Previous research indicates that clinicians’ requirements for US scanning vary by indication, with a higher number of joints assessed for diagnostic purposes to detect inflammation and initiate treatment promptly in cases of widespread pain. For ongoing synovial activity, the choice of joints to scan often depends on the presence of pain or the tendency of certain joints to be more frequently affected. Studies also reveal that rheumatologists in university settings typically perform US on fewer than 10 joints, constrained by the available time [35]. Although simplified US joint count scoring systems have been evaluated for early RA and found feasible in assessing joint inflammation, selecting the optimal subset of asymptomatic joints for clinical use remains challenging. Employing a multiple-joint scoring system is more time-consuming, but focusing on the joints commonly affected by RA could save time and possibly enhance the sensitivity [33]. To refine joint selection in US protocols, we analyzed all hand joints using US and employed regression models and machine learning techniques to identify the most significant US predictors of RA progression [11].

The results from a multivariate regression model and machine learning analysis indicate that specific US findings significantly influence the likelihood of RA progression in the U.S. population. Notably, radiocarpal synovial thickening, PIP and MCP synovitis, and wrist effusion at baseline, as identified by grayscale US, are strong independent predictors of RA in at-risk patients. These US variables, coupled with high RF and anti-CCP titers in patients presenting with arthralgia but not fulfilling the RA clinical criteria, are highly valuable for risk stratification in clinical settings. Additionally, the study underscores the potential of AI, particularly the random forest algorithm, in enhancing CAD systems, showing superior performance over other models.

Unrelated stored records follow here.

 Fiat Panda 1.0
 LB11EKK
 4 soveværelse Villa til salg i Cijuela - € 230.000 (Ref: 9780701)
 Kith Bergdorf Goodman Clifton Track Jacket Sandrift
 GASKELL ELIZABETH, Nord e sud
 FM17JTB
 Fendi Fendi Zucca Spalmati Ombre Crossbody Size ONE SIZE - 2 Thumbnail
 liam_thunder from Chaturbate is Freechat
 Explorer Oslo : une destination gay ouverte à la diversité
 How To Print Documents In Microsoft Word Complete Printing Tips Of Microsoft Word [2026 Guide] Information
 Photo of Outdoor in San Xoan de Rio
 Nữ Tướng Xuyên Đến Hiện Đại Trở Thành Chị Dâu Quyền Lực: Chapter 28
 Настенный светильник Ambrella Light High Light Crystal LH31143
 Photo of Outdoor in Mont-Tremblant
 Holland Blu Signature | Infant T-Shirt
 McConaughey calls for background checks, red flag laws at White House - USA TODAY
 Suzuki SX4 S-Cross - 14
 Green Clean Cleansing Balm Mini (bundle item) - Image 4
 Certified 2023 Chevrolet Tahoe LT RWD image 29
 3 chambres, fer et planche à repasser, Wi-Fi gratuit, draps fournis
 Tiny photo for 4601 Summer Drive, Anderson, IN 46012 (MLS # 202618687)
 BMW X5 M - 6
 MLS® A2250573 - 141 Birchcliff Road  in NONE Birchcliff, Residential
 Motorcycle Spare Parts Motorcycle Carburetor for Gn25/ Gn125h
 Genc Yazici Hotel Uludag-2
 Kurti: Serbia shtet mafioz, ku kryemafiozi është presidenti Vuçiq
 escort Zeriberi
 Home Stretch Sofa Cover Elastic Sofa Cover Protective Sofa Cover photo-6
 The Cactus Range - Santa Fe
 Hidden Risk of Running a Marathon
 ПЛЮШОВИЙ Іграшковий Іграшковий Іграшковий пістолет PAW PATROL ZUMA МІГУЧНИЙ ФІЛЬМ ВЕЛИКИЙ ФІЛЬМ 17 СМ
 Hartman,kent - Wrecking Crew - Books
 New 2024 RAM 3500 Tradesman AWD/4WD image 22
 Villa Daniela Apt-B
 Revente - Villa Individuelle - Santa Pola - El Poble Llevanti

Based on the findings, a simplified US protocol targeting the key joints and scores may enhance the efficiency and feasibility of screening and diagnosing pre-rheumatoid arthritis (pre-RA) patients. Additionally, incorporating machine learning models could improve the accuracy and objectivity in predicting RA development by using ultrasound data along with other clinical and laboratory variables. However, further research is needed to validate and optimize these US protocols and machine learning models across different settings and populations.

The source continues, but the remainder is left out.